The STEM Gender Gap
August 16, 201312:00 PM
FLORA LICHTMAN, HOST:
This is SCIENCE FRIDAY. I’m Flora Lichtman. It’s been over 40 years since Title XI passed and you might recognize it for opening up sports teams to women. But it was also meant to equalize education programs for boys and girls, including the STEM field – science, technology, engineering and math. But how far have we come since then?
Well, among college grads, men outnumber women in nearly every science and engineering major, according to a report by the American Association of University Women. Women make up less than a quarter of all the STEM workforce in the U.S., according to the U.S. Department of Commerce. And in some fields of engineering, the percentage of women drops to the single digits, says the U.S. Department of Labor.
Now, if you work in the sciences, these statistics may not surprise you, but the question we’re talking about today is why. If more and more girls are taking science in school, why aren’t we seeing the same increase of women in the science workforce? We want to hear from you. Were you encouraged to do science as a kid? And do you think that the girls or boys around you were treated differently in science class or in school? Were you interested in science as a young girl but decided not to pursue it? Or maybe you decided to pursue it. Why? Give us a call, 1-800-989-8255. 1-800-989-TALK.
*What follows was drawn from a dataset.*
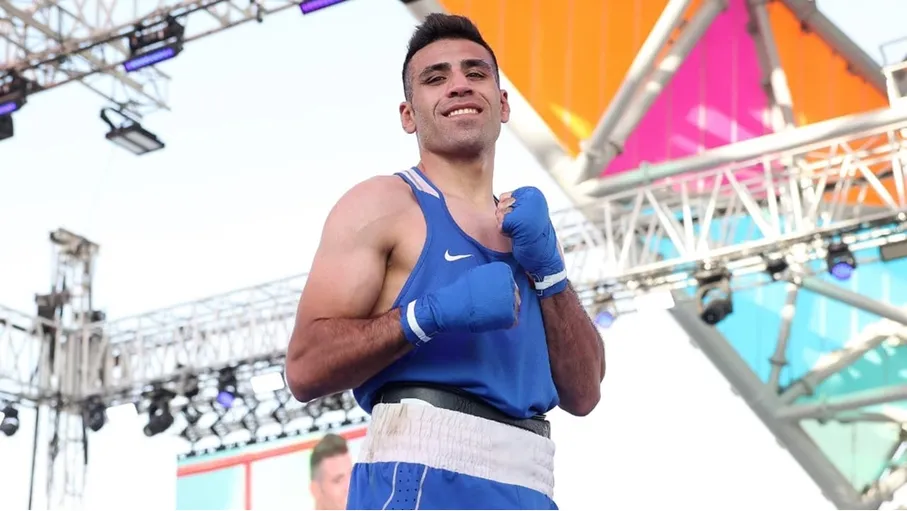 الملاكم عشيش يتأهل لنصف نهائي التضامن الإسلامي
Now, let me introduce my guests. Catherine Riegle-Crumb is an associate professor of STEM education at the University of Texas at Austin and she joins us today by phone. Welcome to the show.
CATHERINE RIEGLE-CRUMB: Thank you very much.
LICHTMAN: Andresse St. Rose is a senior researcher at the American Association of University Women and a coauthor of the report “Why So Few? Women in Science, Technology, Engineering and Science.” She joins us from the NPR studio in Washington, D.C.
ANDRESSE ST. ROSE: Thank you for having me.
LICHTMAN: Thanks for joining us. And Linda Kekelis is the executive director of Techbridge in Oakland, California, and she joins us by phone. Welcome to the show.
LINDA KEKELIS: Thanks so much for this opportunity, Flora.
LICHTMAN: Andresse St. Rose, start us off with sort of the big picture here. What’s the situation? How do the numbers of women studying science today compare to men studying science?
ROSE: Sure, absolutely. And when we look at the numbers, really what we see are some really positive and important patterns of improvement. So for instance, when we look at high school preparation in math and science, and that’s so important for students who want to go on to college and declare a STEM major. In 2009, which is the most recent data that we have available, both male and female high school students were taking the same number of credits on average in math and science. And more importantly, they were taking more credits than they did 20 years ago.
So in 1990, for instance, students were taking about six credits on average in math and science, and boys actually took slightly more credits than girls did. But over the last 20 years or so, again, all of our students in high school are taking more credits and they’re actually earning better grades. So today we actually see them taking the same number of credits, which is about 7.4 credits in math and science overall. And each of those credits represents about 120 hours of instruction.
So that’s all good that our students are getting more exposure to science and math in high school and they’re taking a range of courses.
LICHTMAN: But then what happened? Something happened.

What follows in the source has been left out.